O afloramento deste princípio não é despiciendo no recente caso Skripal. Desde logo porque alguns argumentos pró-Rússia se fundam na validade deste princípio e na exagerada ação conjunta dos Estados consubstanciada na suspensão das relações diplomáticas. Mas também porque há quem defenda que os princípios garantísticos do processo penal, como já vimos de consagração universal, não podem ser aplicados nas relações entre Estados ou, no limite, para produzirem efeito teriam de se ver suportados por indício inequívoco e consequente decurso processual. Estou em crer que não é exatamente assim. Os Estados, os mais antigos sujeitos do direito internacional, desempenham uma certa função de antonomásia, ou seja, são ao mesmo tempo produtores e destinatários de normas convencionais: produtores porque participam na conclusão dos tratados, contribuindo para a sua vinculação; e destinatários porque se obrigam à submissão das estipulações por eles produzidas.
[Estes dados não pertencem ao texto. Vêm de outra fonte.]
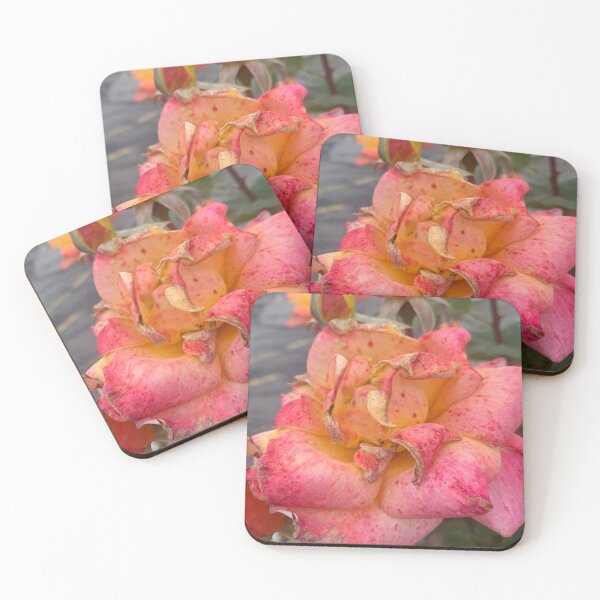 Item preview, Photograph of gorgeous flowers in Los Feliz, California designed and sold by MasonAlec.
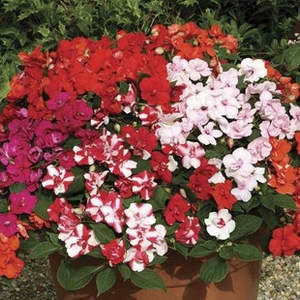 Busy Lizzie (Impatiens) Double Deluxe 70 Medium Plug Plants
Em Portugal, o princípio da presunção de inocência encontra-se na base do processo penal tal como o conhecemos, coexistindo numa abordagem puramente processual e noutra profundamente ligada à dignidade da pessoa humana perante o poder punitivo do Estado. Já perante o sistema jurídico anglo-saxónico, a matéria do princípio da presunção de inocência encontra-se interligada com o princípio do processo equitativo e do direito a um julgamento justo ligado à prova e ao seu respetivo ónus, possuindo por excelência aplicação apenas em sede de julgamento – podendo dizer-se que revela um certo alheamento em relação à forma como o suspeito é tratado em momento prévio ao julgamento e à própria obtenção da prova, reportando-se tão-só à apreciação dos indícios reunidos em julgamento e garantindo-o de forma justa e equiponderante ao poder do Estado. E estas duas realidades coexistem igualmente nos textos internacionais.
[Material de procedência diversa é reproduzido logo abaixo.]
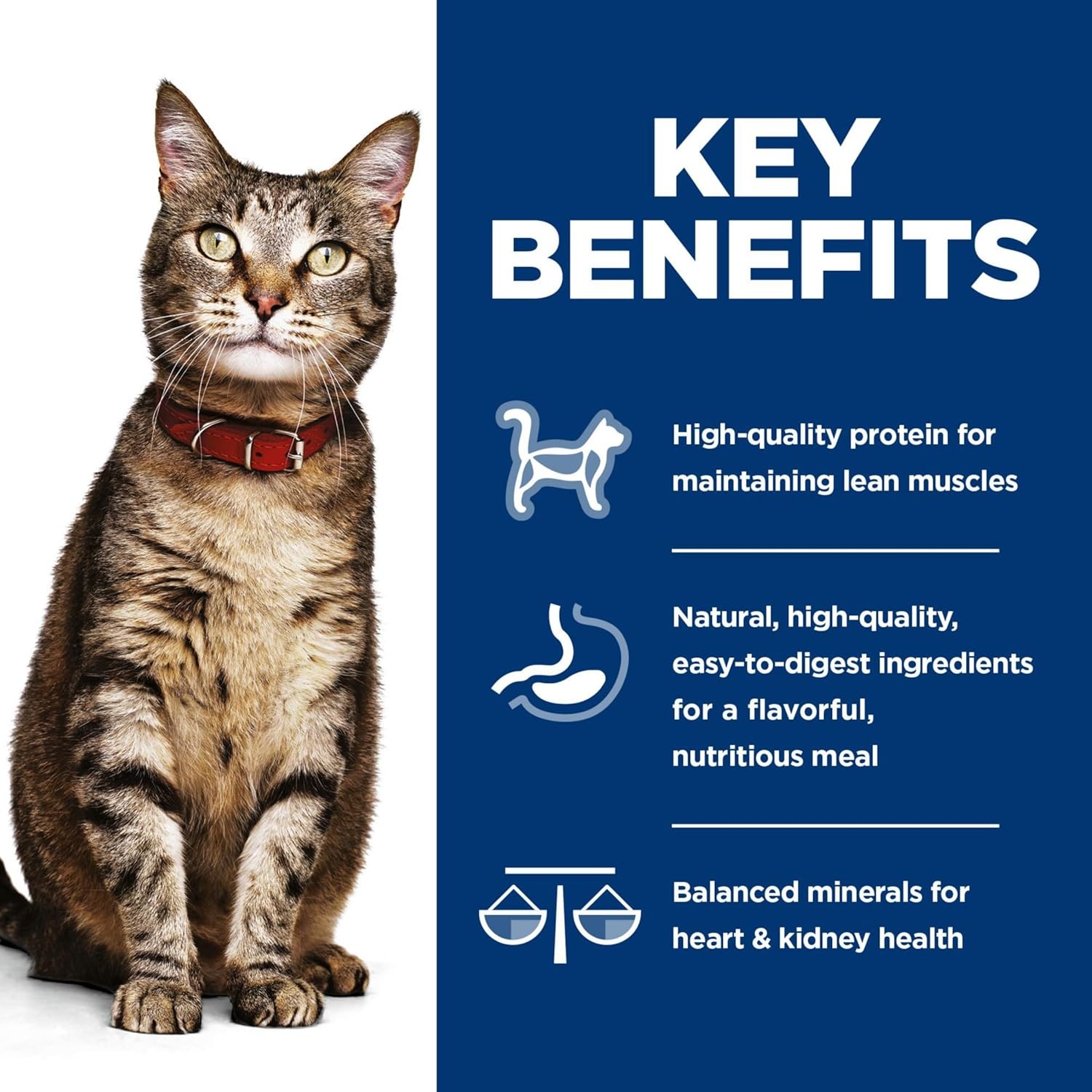 image:imageHills Science Diet Adult 16 Wet Cat Food Turkey 55 oz Cans 24PackVariety Pack Tuna Chicken Ocean Fish Stew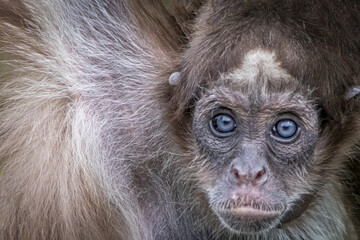 close-up of a spider monkey with blue eyes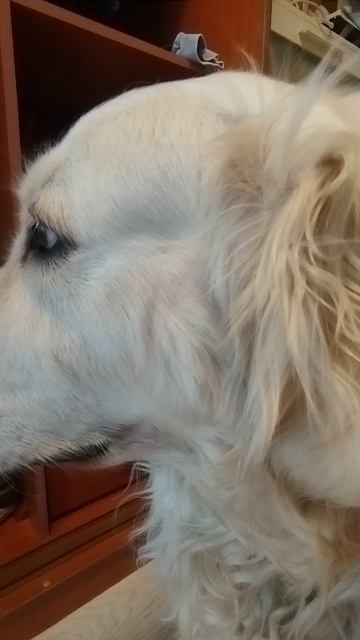 ШКОЛА КОТА ПЕРСИКА (ЧАСТЬ 1/50)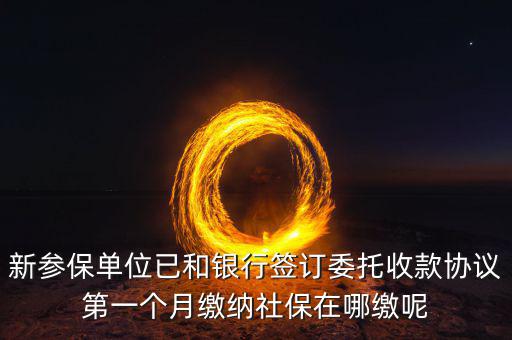 什么時(shí)候辦理授權(quán)劃繳協(xié)議，如何取得委托銀行劃轉(zhuǎn)地方稅費(fèi)授權(quán)書(shū)協(xié)議書(shū)去銀行還是去地稅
Acontece que as mais recentes manifestações de criminalidade transnacional organizada, envoltas num processo complexo, mutável e dinâmico, aduzem ao processo penal novas configurações indiciárias de prova. A prova indiciária pressupõe um facto, demonstrado através de uma prova direta, ao qual se associa uma regra da ciência, uma máxima da experiência ou uma regra do senso comum. Este facto indiciante permite a elaboração de um facto--consequência em virtude de uma ligação racional e lógica. Ainda assim, não pode resultar numa prova diabólica a cargo da acusação. Opera, pois, num delicado equilíbrio entre a prova apresentada, a objetividade da sua análise, a segurança da comunidade e a presunção de inocência. Ora, o crime de espionagem em território estrangeiro pode configurar uma dessas situações, a não ser que se trate de espionagem entre Estados beligerantes, mas aí dificilmente poderá configurar um facto típico qualificado como crime.
No ataque a Skripal foi usado um agente nervoso desenvolvido pela Rússia, identificado como A-234 e conhecido como novichok. Como indiciariamente explicou Theresa May, era “highly likely” que a Federação Russa fosse responsável pelo envenenamento.